TASK DIRECTIONS – In the entries below, begin at the line that has "Germany's violations of", stop after the line that has "巴音郭楞蒙古自治州属于哪个市（巴音郭楞蒙古自治州属于哪里）", and output those lines exactly with no pictures.

*** Opening of EXCERPTED DATA ***

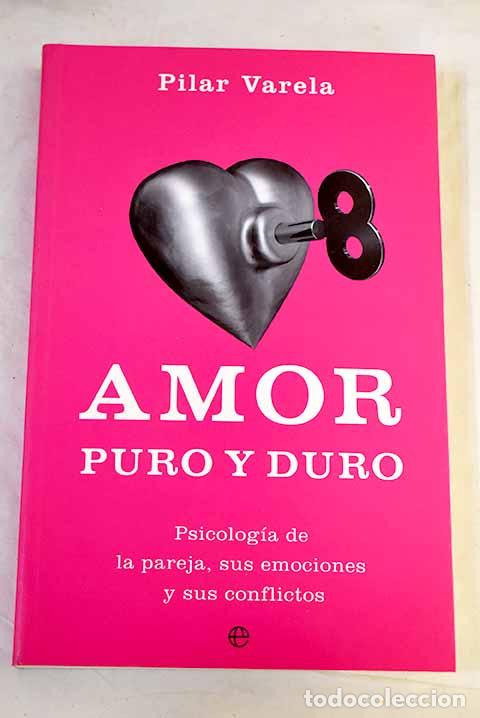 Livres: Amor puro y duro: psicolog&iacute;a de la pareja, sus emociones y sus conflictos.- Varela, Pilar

*** Close of EXCERPTED DATA ***
*** Opening of EXCERPTED DATA ***

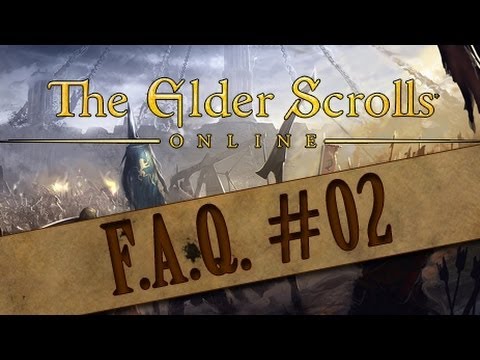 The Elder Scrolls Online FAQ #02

*** Close of EXCERPTED DATA ***
*** Opening of EXCERPTED DATA ***

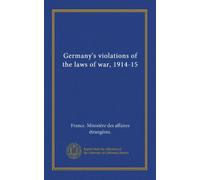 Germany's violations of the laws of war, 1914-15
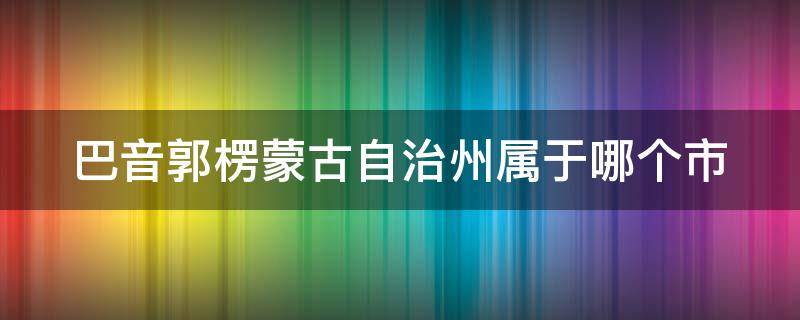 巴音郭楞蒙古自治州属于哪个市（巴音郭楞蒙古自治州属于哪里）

*** Close of EXCERPTED DATA ***

EXERCISE OUTPUT –
 Germany's violations of the laws of war, 1914-15
 巴音郭楞蒙古自治州属于哪个市（巴音郭楞蒙古自治州属于哪里）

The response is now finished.